The Mayo News
- Type: Weekly newspaper
- Format: Tabloid
- Owner: Dermot Berry
- Editor: Michael Duffy
- Founded: 1892
- Political alignment: Centrism
- Language: English
- Headquarters: Westport, County Mayo
- Website: mayonews.ie

= The Mayo News =

Newspaper published in Westport, Ireland

The Mayo News is a weekly local newspaper published in Westport in Ireland.

==History and profile==
The Mayo News was established in Westport in 1892 by William and Patrick J Doris. In 1968 the paper's format changed from broadsheet to tabloid to sell better. After writing several editorials on the Corrib gas controversy during her tenure, editor Denise Horan took up a position as Shell Ireland's senior communications advisor at the end of April 2009.

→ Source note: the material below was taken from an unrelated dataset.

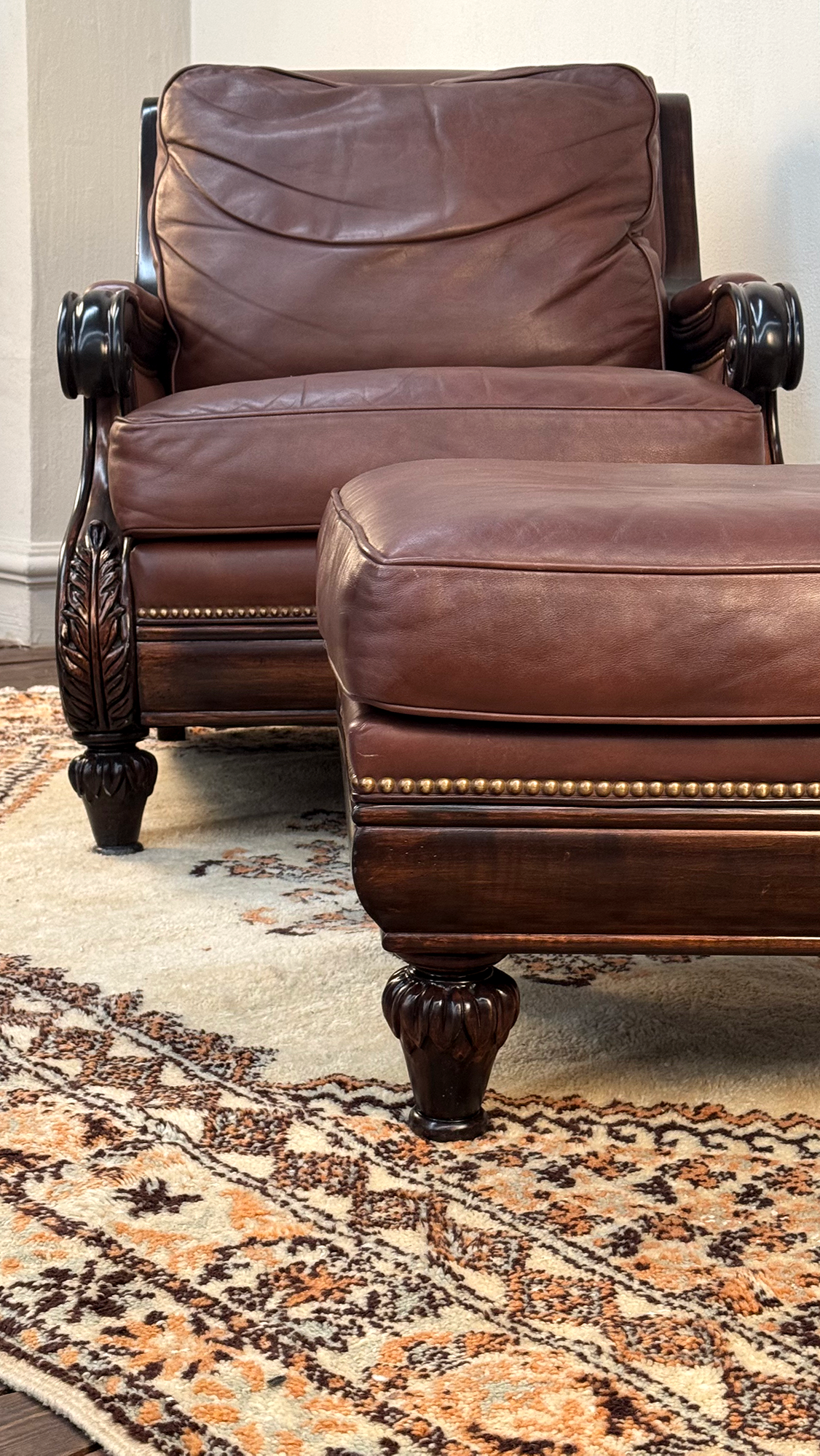 Sillón de Cuero con Otomán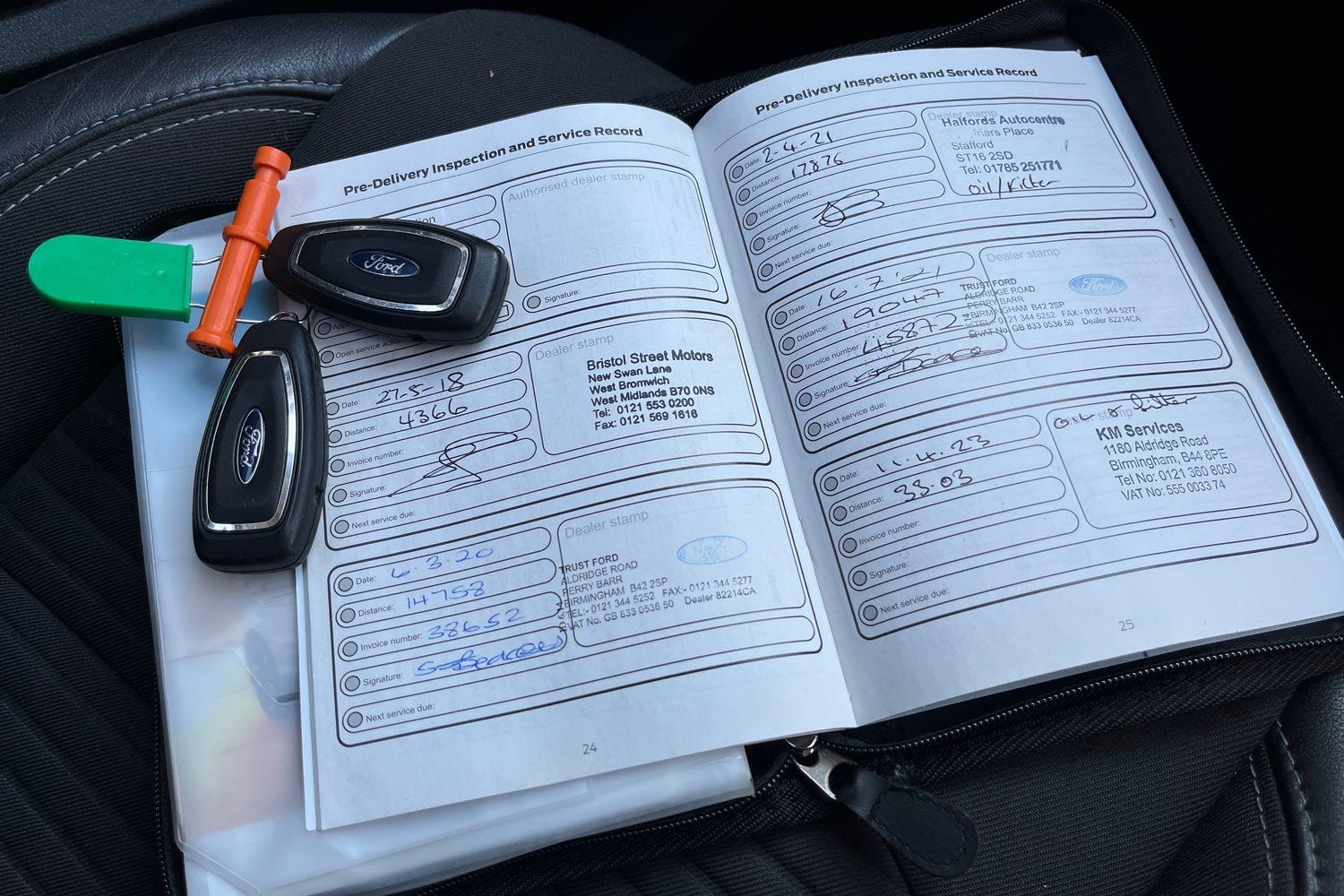 Ford KUGA Photo 21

According to the Audit Bureau of Circulations, the paper had an average weekly circulation of 10,315 during 2005.

In 2007 and in 2014 the Mayo News was named the European Newspaper of the Year in the category of local newspapers.

In 2016 the Mayo News won awards for the Best Designed Newspaper and the Sports Story of the Year and was shortlisted in the categories of News Story of The Year, Best use of Photography and Best Feature Story of the Year at the Local Ireland Media Awards.

The newspaper is printed (but not owned) by Celtic Media Group.

In September 2022 it was reported that the paper would be acquired by Iconic Newspapers, which owns over 15 local weekly titles.